▶ [Task requirements]:
Set down only these lines, exactly: the line containing "MN license plate 559UBV" and all lines through the end of the data below. Omit pictures.

▶ [The records]:
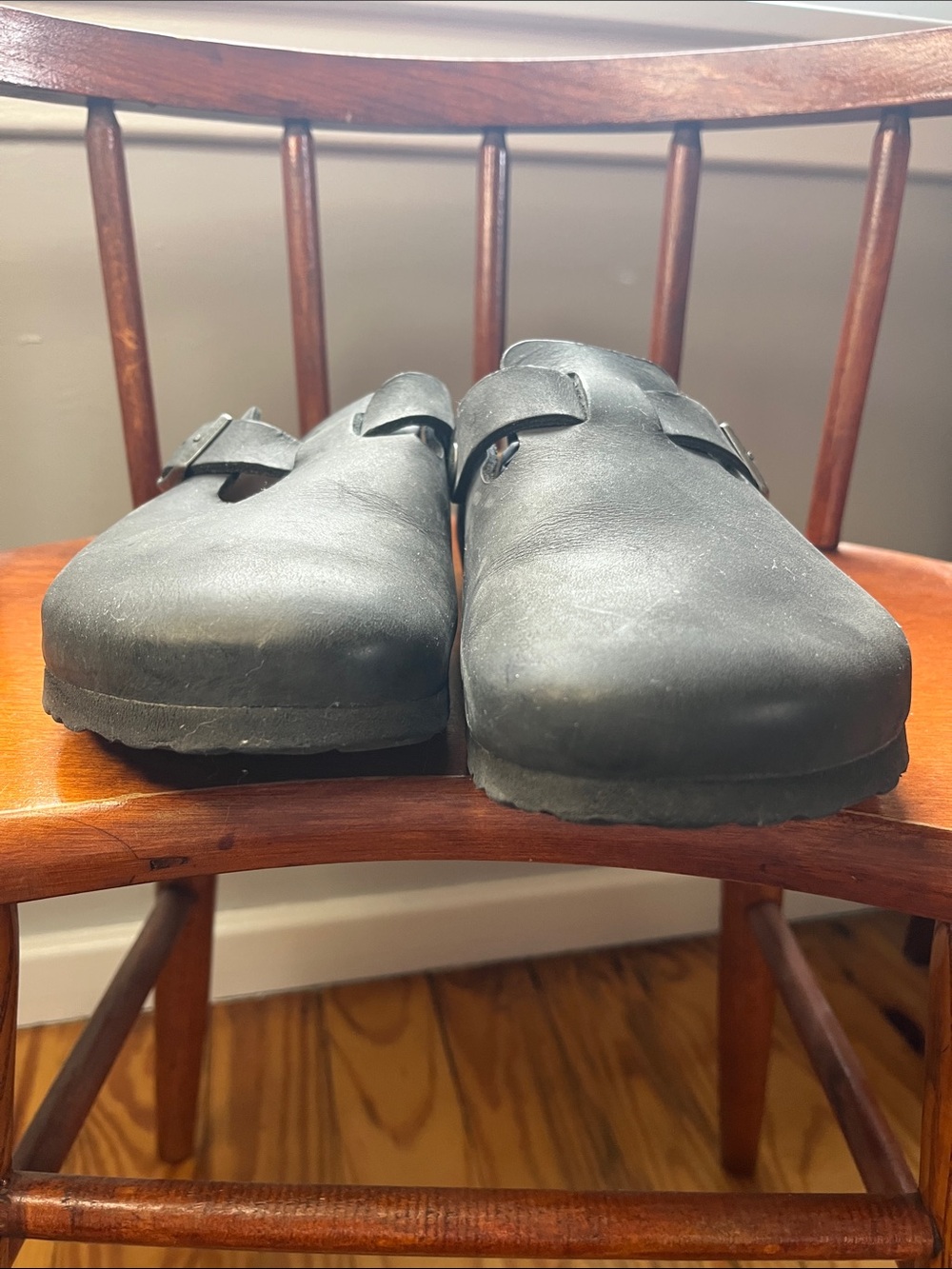 Birkenstock Boston Clogs in Black Oiled Leather, women’s size 38 - Picture 4 of 14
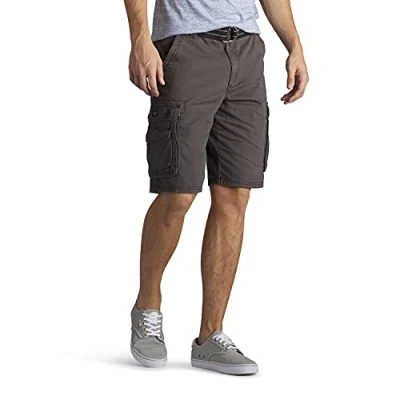 Image of Lee Men&#039;s Dungarees New Belted Wyoming cargo shorts, Shiner, 32 UK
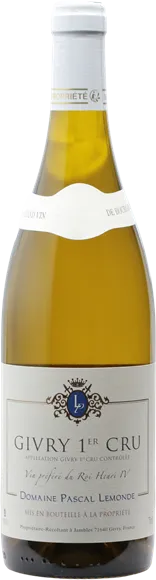 vue du vin Givry 1er Cru Blanc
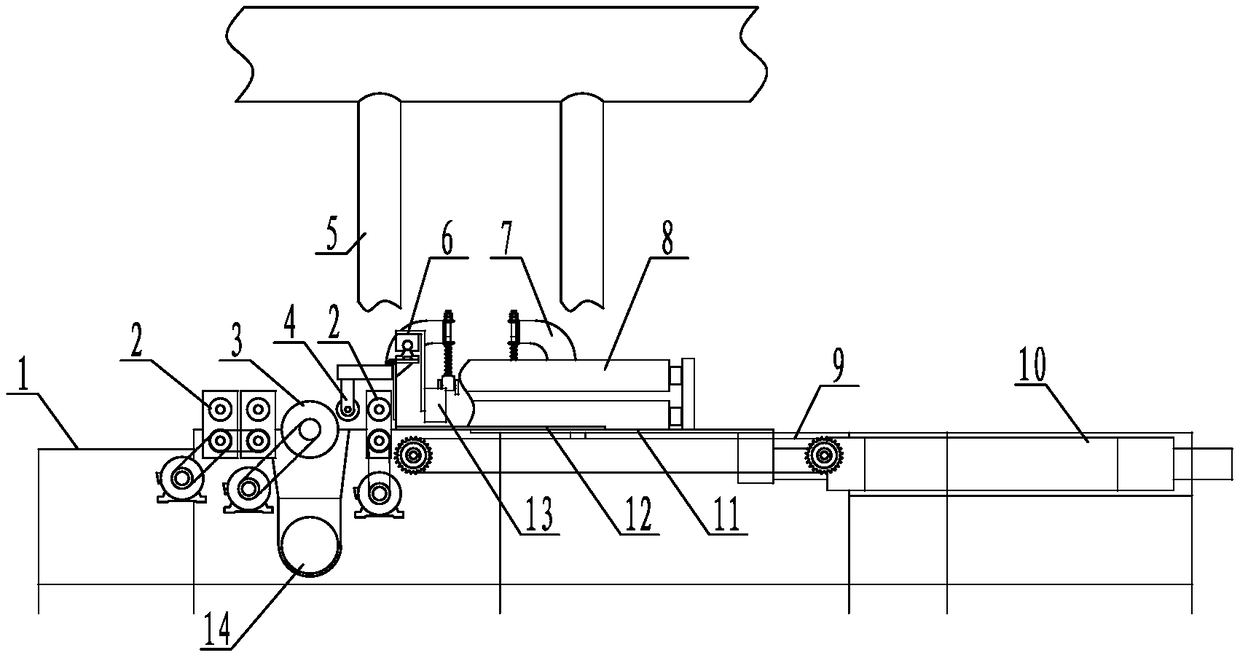 Cutting board prefabricating edge trimming and dividing device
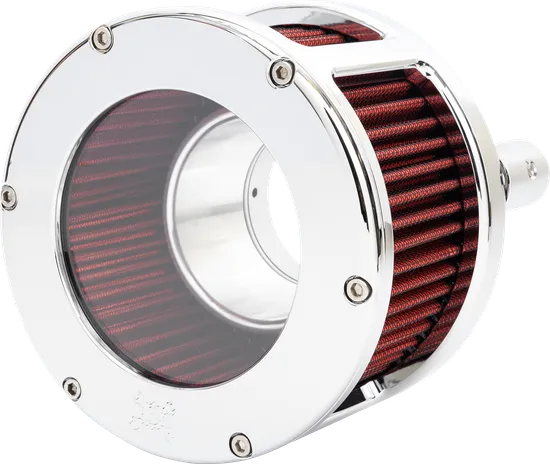Feuling Race Red Chrome Clear Cover Air Cleaner Kit 1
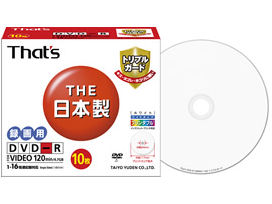 DR-120WWY10SNT (DVD-R 16�{�� 10���g) �̐��i�摜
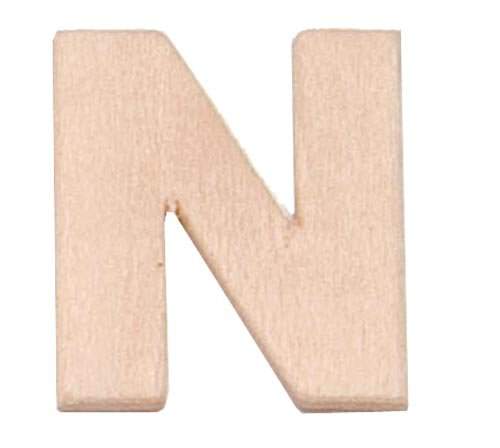 Buchstabe N aus Sperrholz, 6cm groß Großbuchstabe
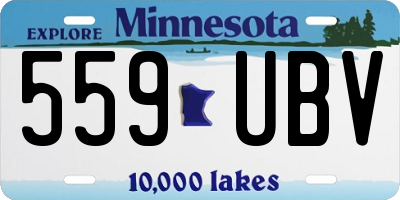 MN license plate 559UBV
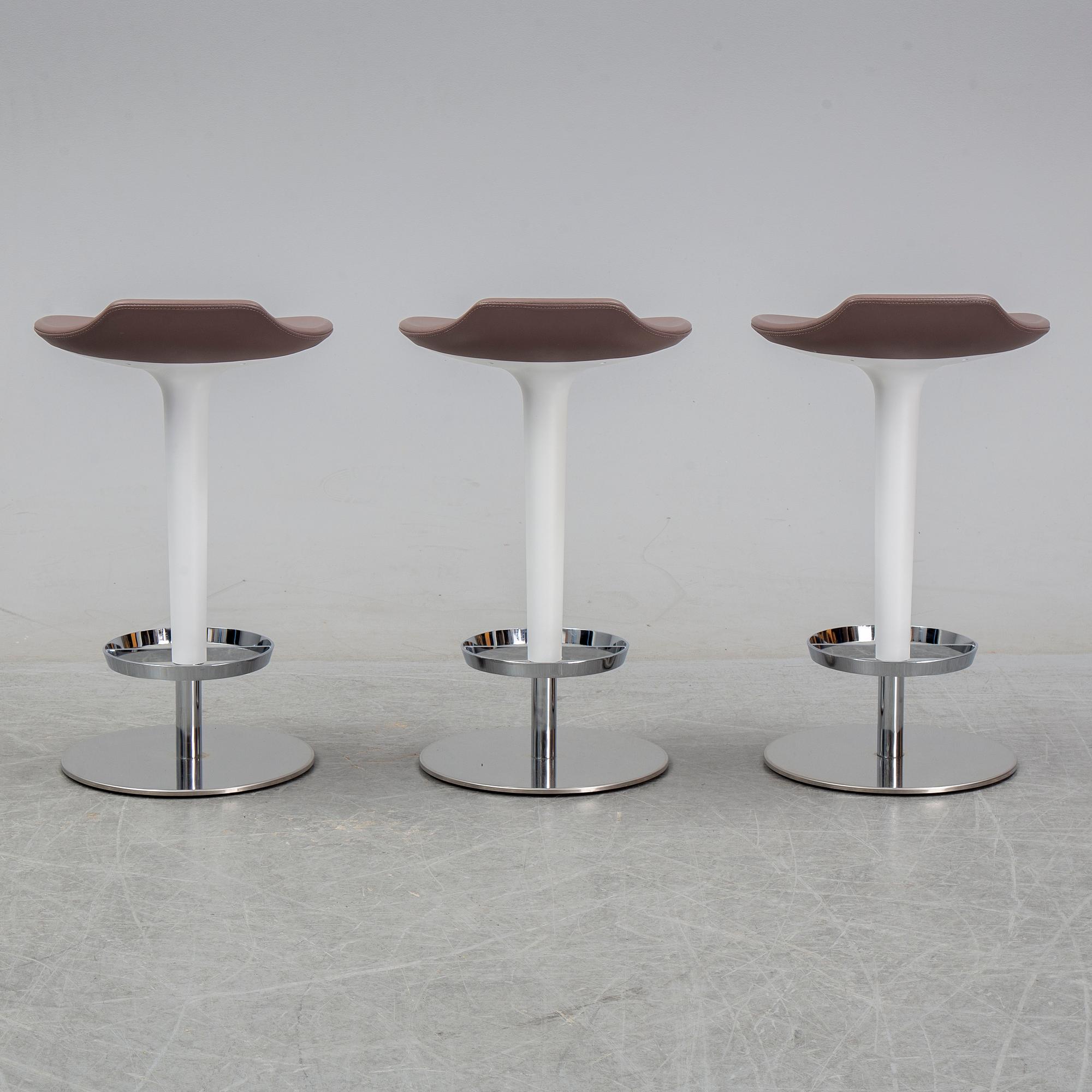 Simon Pengelly, a set of three 'Babar' bar stools from Arper, Italy.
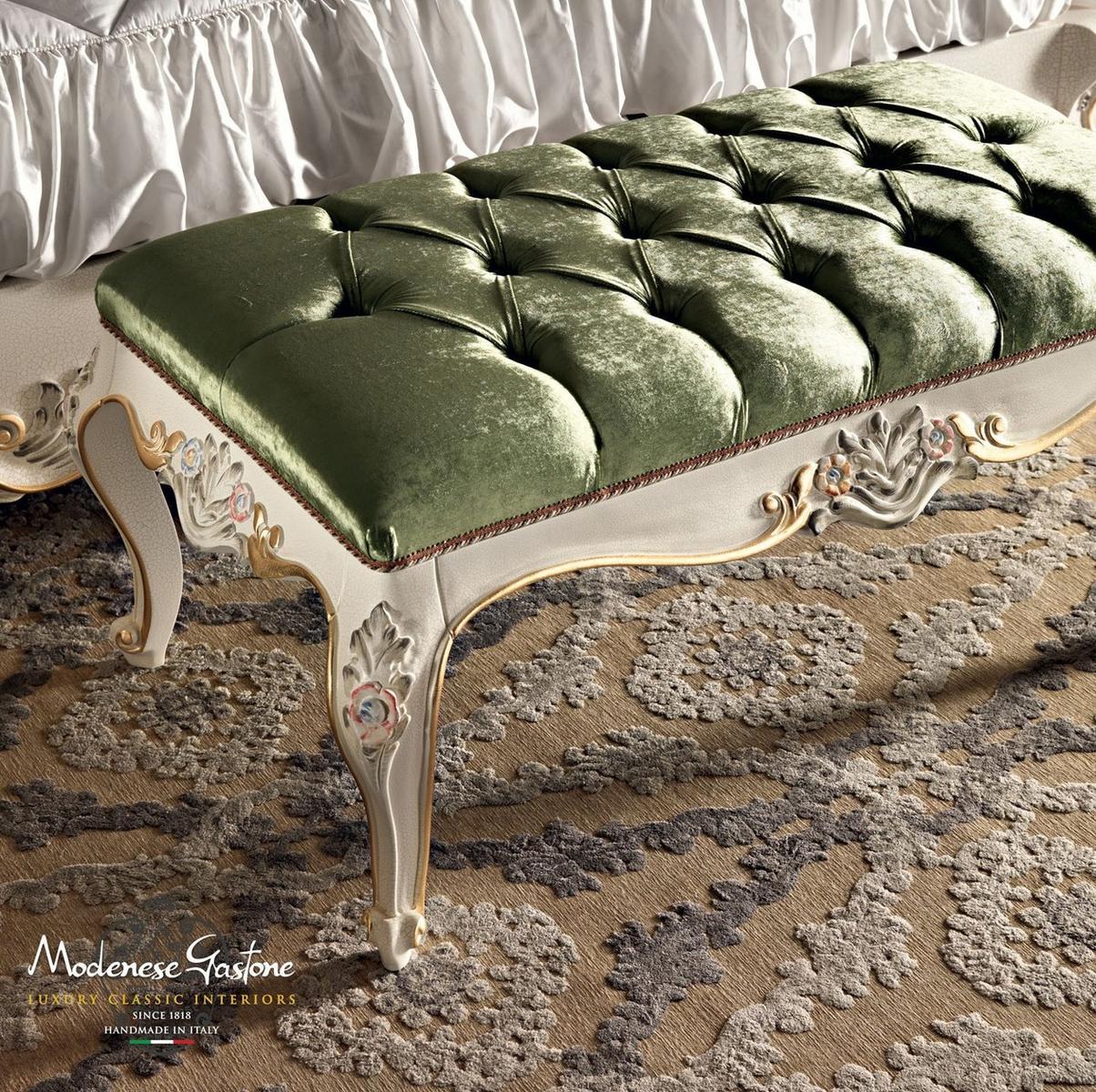 Baroque upholstered bench | 11519 by Modenese Gastone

▶ [Result of this exercise]:
 MN license plate 559UBV
 Simon Pengelly, a set of three 'Babar' bar stools from Arper, Italy.
 Baroque upholstered bench | 11519 by Modenese Gastone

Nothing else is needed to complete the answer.